Material to process:
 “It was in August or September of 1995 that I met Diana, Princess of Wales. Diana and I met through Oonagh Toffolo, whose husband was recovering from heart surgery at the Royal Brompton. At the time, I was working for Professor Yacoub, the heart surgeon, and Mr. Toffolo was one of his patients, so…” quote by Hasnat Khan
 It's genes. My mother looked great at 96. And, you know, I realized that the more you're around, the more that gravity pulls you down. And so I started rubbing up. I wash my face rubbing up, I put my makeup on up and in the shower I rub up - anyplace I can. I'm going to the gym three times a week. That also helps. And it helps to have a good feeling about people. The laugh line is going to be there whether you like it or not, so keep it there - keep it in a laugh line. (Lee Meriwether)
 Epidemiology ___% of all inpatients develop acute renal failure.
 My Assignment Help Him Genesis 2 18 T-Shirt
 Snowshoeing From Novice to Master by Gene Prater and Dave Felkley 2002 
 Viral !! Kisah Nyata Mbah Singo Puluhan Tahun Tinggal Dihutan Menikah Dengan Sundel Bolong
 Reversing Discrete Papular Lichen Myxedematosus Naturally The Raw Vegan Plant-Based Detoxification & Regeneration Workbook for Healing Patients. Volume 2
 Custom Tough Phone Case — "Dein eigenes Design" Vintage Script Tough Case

Exercise brief: Reproduce exactly, and only, the lines from the start of the entries through the one that contains "Epidemiology ___% of".

Solution for this problem:
 “It was in August or September of 1995 that I met Diana, Princess of Wales. Diana and I met through Oonagh Toffolo, whose husband was recovering from heart surgery at the Royal Brompton. At the time, I was working for Professor Yacoub, the heart surgeon, and Mr. Toffolo was one of his patients, so…” quote by Hasnat Khan
 It's genes. My mother looked great at 96. And, you know, I realized that the more you're around, the more that gravity pulls you down. And so I started rubbing up. I wash my face rubbing up, I put my makeup on up and in the shower I rub up - anyplace I can. I'm going to the gym three times a week. That also helps. And it helps to have a good feeling about people. The laugh line is going to be there whether you like it or not, so keep it there - keep it in a laugh line. (Lee Meriwether)
 Epidemiology ___% of all inpatients develop acute renal failure.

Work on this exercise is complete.